Begin the copy at the line containing "kitchen with extractor" and end it at the final line of the material below, reproducing each line exactly, without images.

--- DATA SHOWN ---

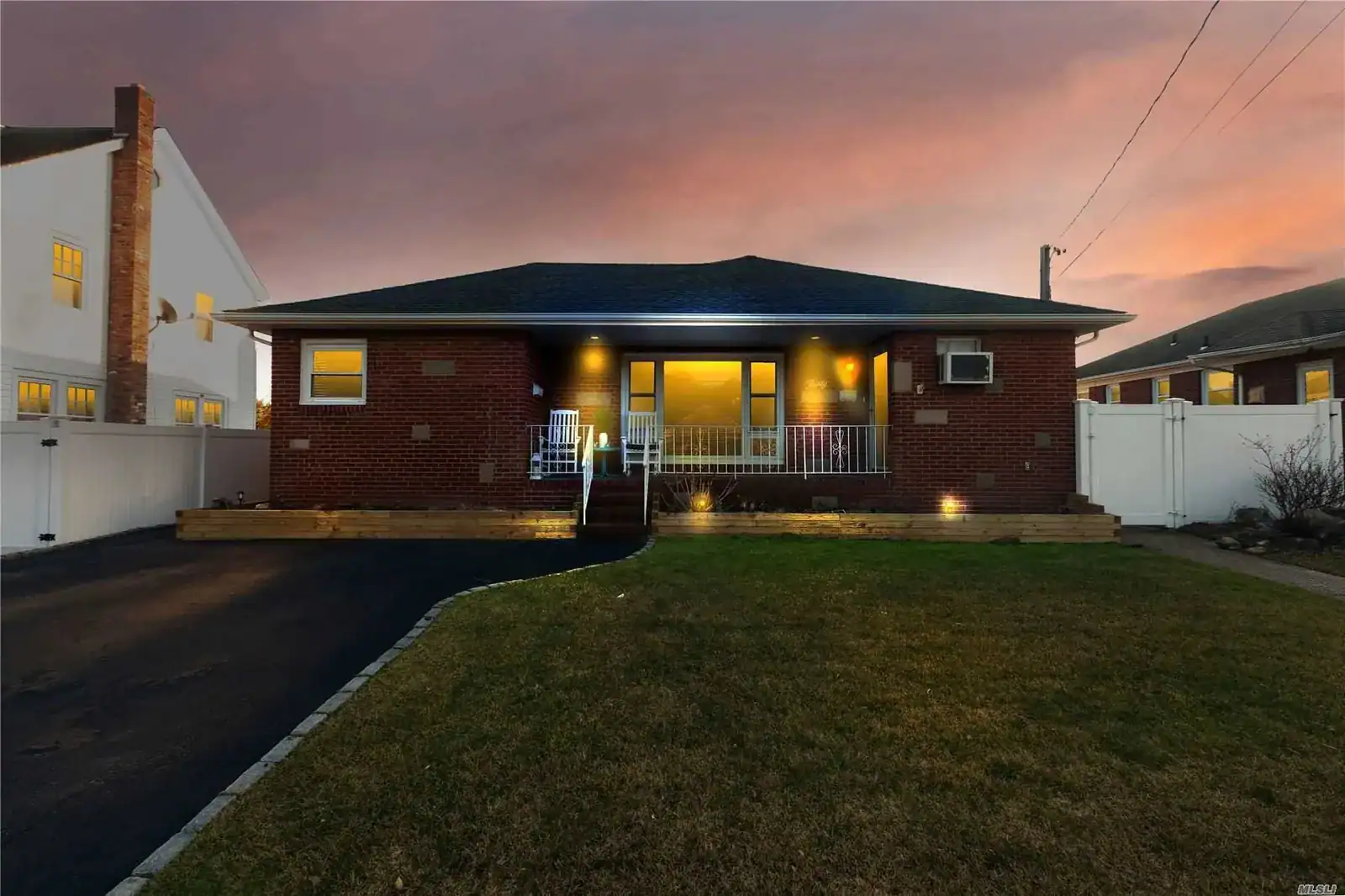 Brick house with front porch and outdoor lighting at sunset.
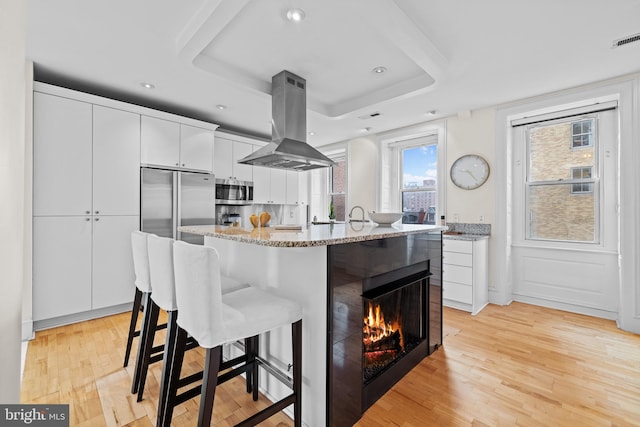 kitchen with extractor fan, light wood-type flooring, a kitchen island, a raised ceiling, and white cabinets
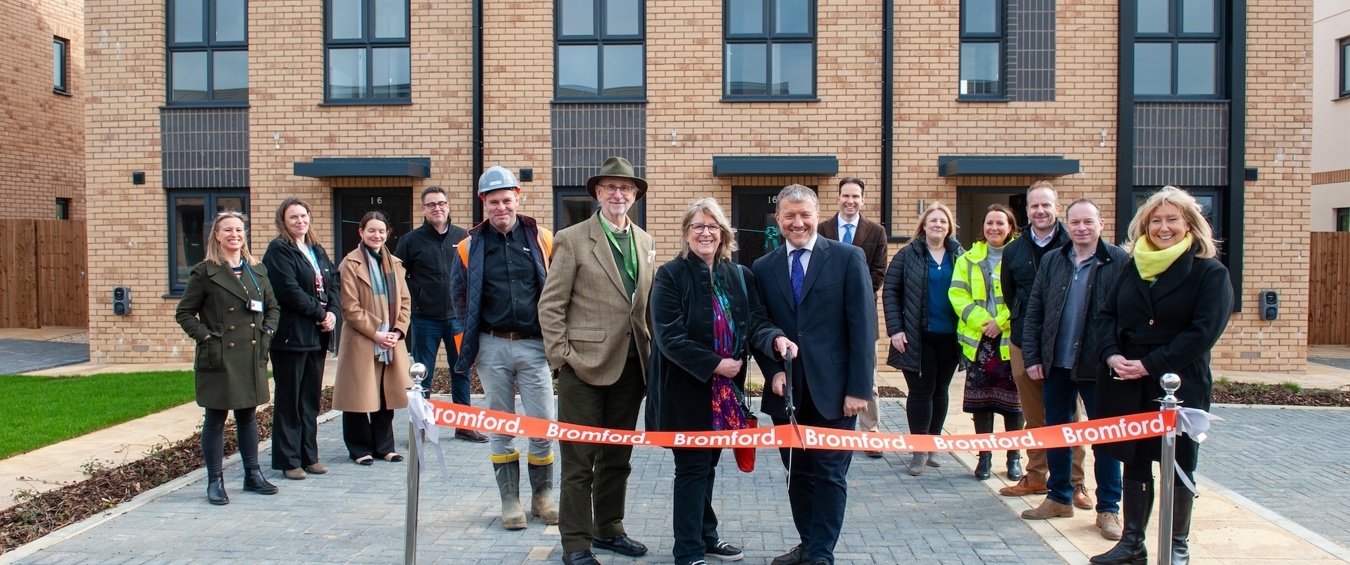 People standing in front of new homes and cutting an opening banner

---

§ **SOLVED EXERCISE**
 kitchen with extractor fan, light wood-type flooring, a kitchen island, a raised ceiling, and white cabinets
 People standing in front of new homes and cutting an opening banner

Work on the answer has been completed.